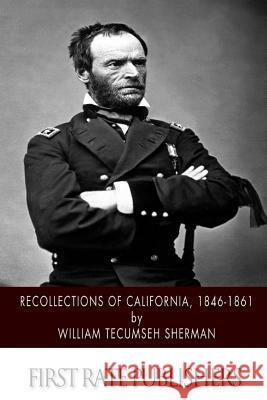 Recollections of California, 1846-1861 William Tecumseh Sherman 9781500200671 Createspace - książka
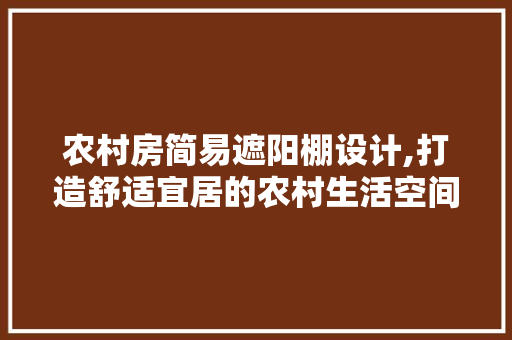 农村房简易遮阳棚设计,打造舒适宜居的农村生活空间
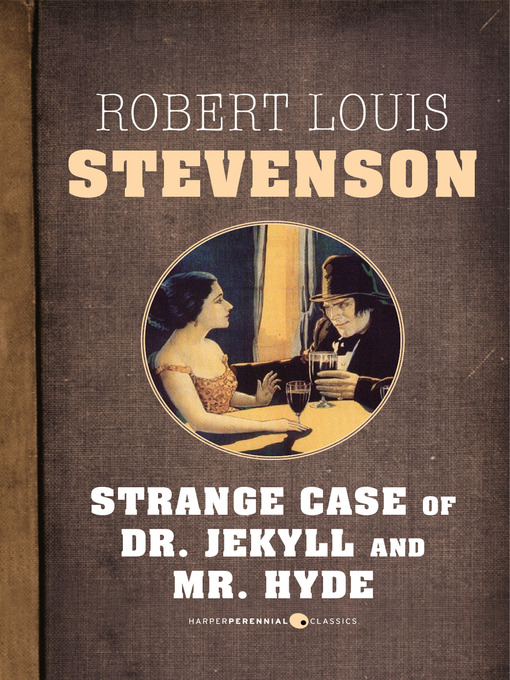 Title details for The Strange Case of Dr. Jekyll and Mr. Hyde by Robert Louis Stevenson - Available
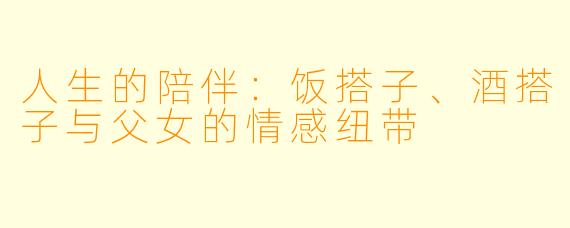 人生的陪伴：饭搭子、酒搭子与父女的情感纽带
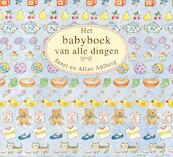 Het babyboek van alle dingen - Janet Ahlberg, Allan Ahlberg (ISBN 9789401401340)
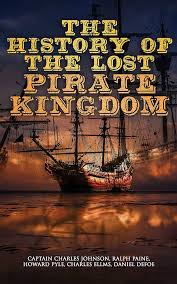 Amazon.com: The History of the Lost Pirate Kingdom: History of Piracy in  the Caribbean & Biographies of the Most Notorious Pirates eBook : Ellms,  Charles, Defoe, Daniel, Johnson, Captain Charles: Books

* * *

### EXERCISE BRIEF
Transcribe each of the records above precisely, with no pictures in the copy.

### YOUR RESPONSE
 Recollections of California, 1846-1861 William Tecumseh Sherman 9781500200671 Createspace - książka
 农村房简易遮阳棚设计,打造舒适宜居的农村生活空间
 Title details for The Strange Case of Dr. Jekyll and Mr. Hyde by Robert Louis Stevenson - Available
 人生的陪伴：饭搭子、酒搭子与父女的情感纽带
 Het babyboek van alle dingen - Janet Ahlberg, Allan Ahlberg (ISBN 9789401401340)
 Amazon.com: The History of the Lost Pirate Kingdom: History of Piracy in  the Caribbean & Biographies of the Most Notorious Pirates eBook : Ellms,  Charles, Defoe, Daniel, Johnson, Captain Charles: Books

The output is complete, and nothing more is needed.